* [Data supplied]

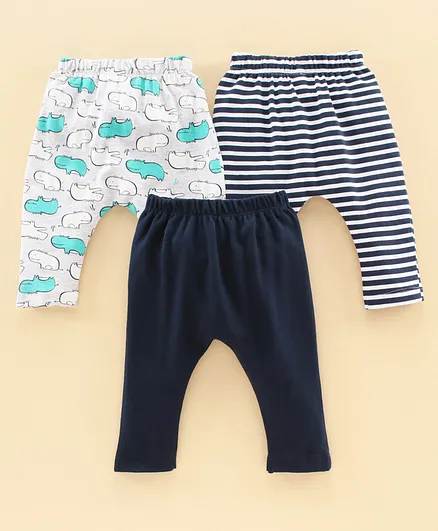 Babyhug Diaper Leggings Animal Print Pack of 3 - Multicolor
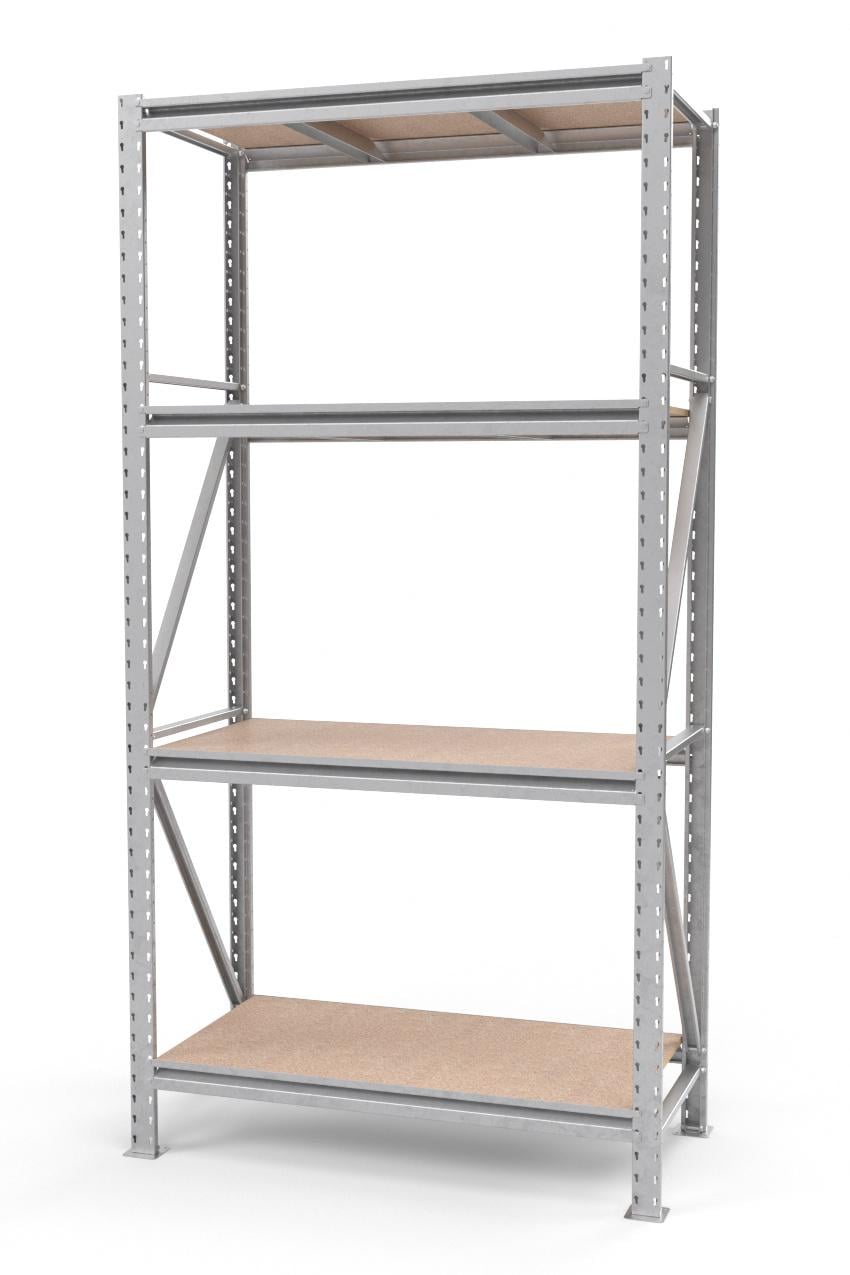 Стеллаж металлический оцинкованный SN 4 полки из шлифованного ДСП 2500х1340х800 мм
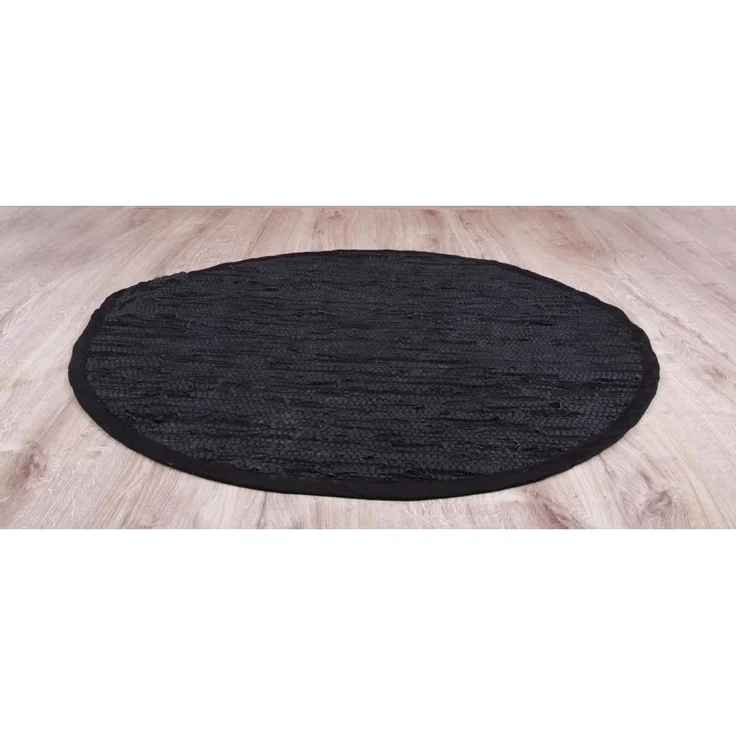 Flickenteppiche Leder Rund 150cm schwarz – Bild 1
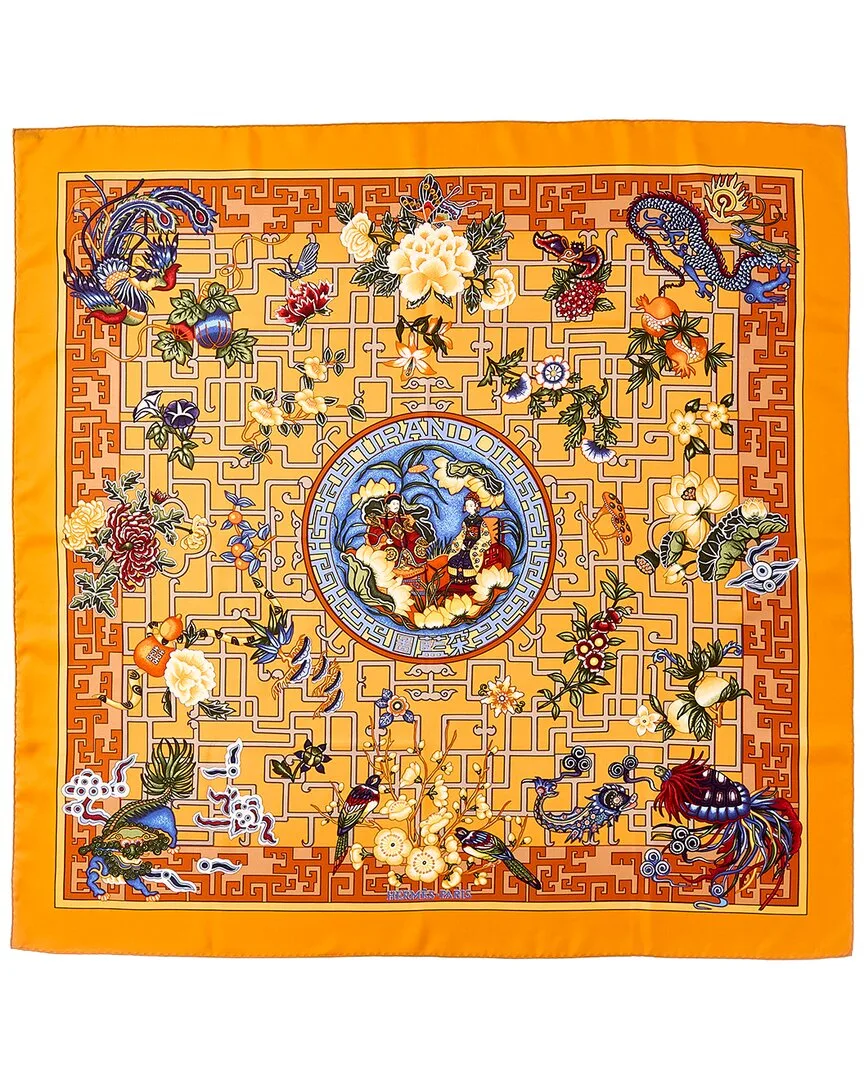 Turandot by Natsuno Hidaka mm Printed Silk Scarf (authentic Pre-Loved) by Herms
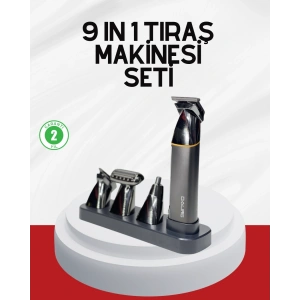 Şarjlı 9’u 1 Arada Çok Amaçlı Erkek Bakım Seti Yıkanabilir Başlıklar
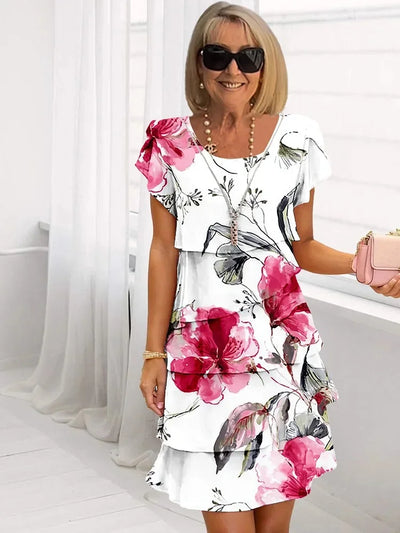 Cheryl - Vestido Floral con Volantes y Pliegues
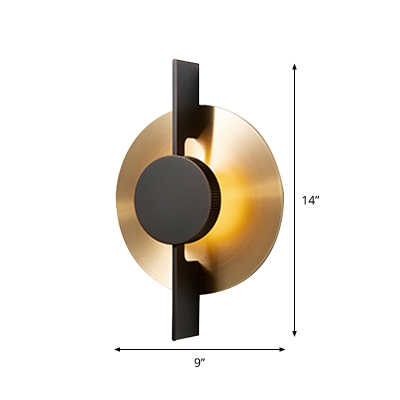 Round Bedside Sconce Lighting Metallic LED Postmodern Wall Mounted Lamp in Black and Gold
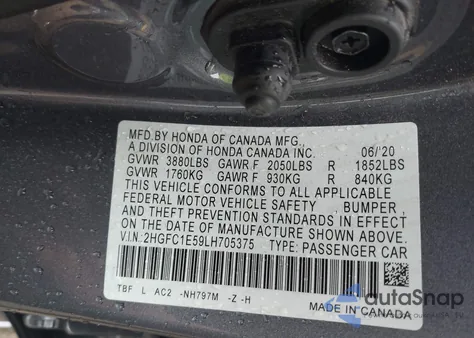 2020 Honda Civic Si from USA, damaged, VIN 2HGFC1E59LH705375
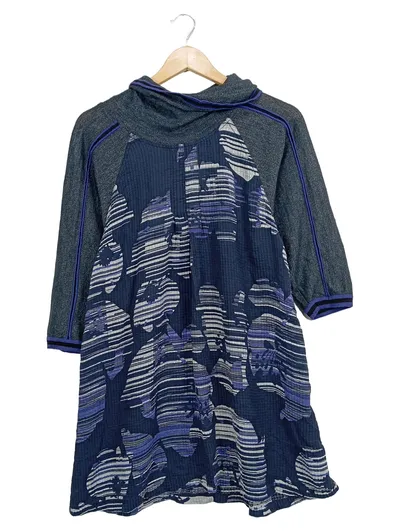 CARLA Damen Strickkleid Rollkragen Muster Mehrfarbig Gr. 42;XL Seide Modern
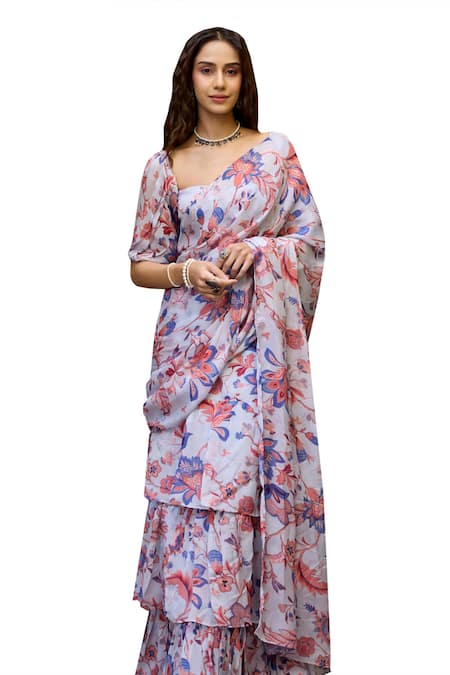 Buy_Baaro Masi_Blue Organza Embroidery Square Neck Floral Print Pre-draped Tiered Saree Set _Online_at_Aza_Fashions
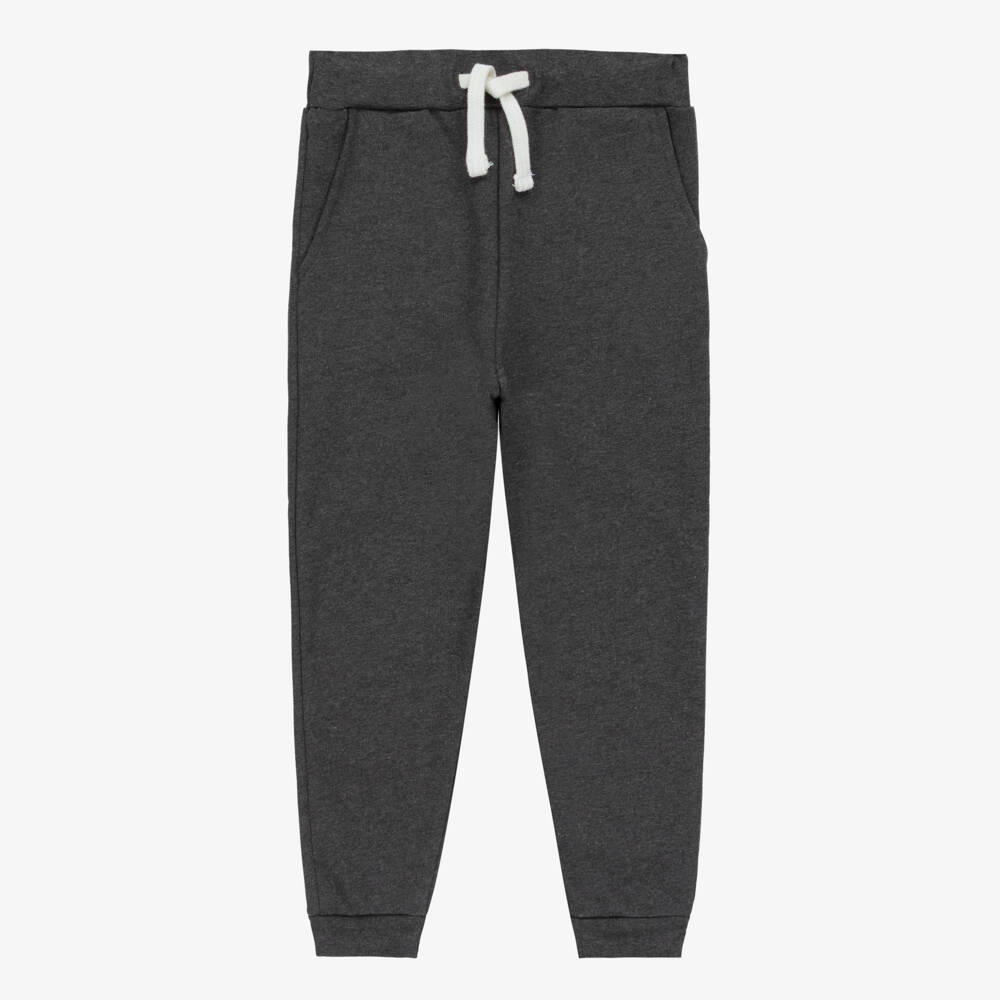 Childrensalon Essentials-Boys Dark Grey Organic Cotton Jersey Joggers (2 Pack) | Childrensalon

* [Aim of the exercise] Leave out the pictures, then reproduce exactly the run of lines from the one that contains "Стеллаж металлический оцинкованный" to the final line of the listing above.

* [Reply]
 Стеллаж металлический оцинкованный SN 4 полки из шлифованного ДСП 2500х1340х800 мм
 Flickenteppiche Leder Rund 150cm schwarz – Bild 1
 Turandot by Natsuno Hidaka mm Printed Silk Scarf (authentic Pre-Loved) by Herms
 Şarjlı 9’u 1 Arada Çok Amaçlı Erkek Bakım Seti Yıkanabilir Başlıklar
 Cheryl - Vestido Floral con Volantes y Pliegues
 Round Bedside Sconce Lighting Metallic LED Postmodern Wall Mounted Lamp in Black and Gold
 2020 Honda Civic Si from USA, damaged, VIN 2HGFC1E59LH705375
 CARLA Damen Strickkleid Rollkragen Muster Mehrfarbig Gr. 42;XL Seide Modern
 Buy_Baaro Masi_Blue Organza Embroidery Square Neck Floral Print Pre-draped Tiered Saree Set _Online_at_Aza_Fashions
 Childrensalon Essentials-Boys Dark Grey Organic Cotton Jersey Joggers (2 Pack) | Childrensalon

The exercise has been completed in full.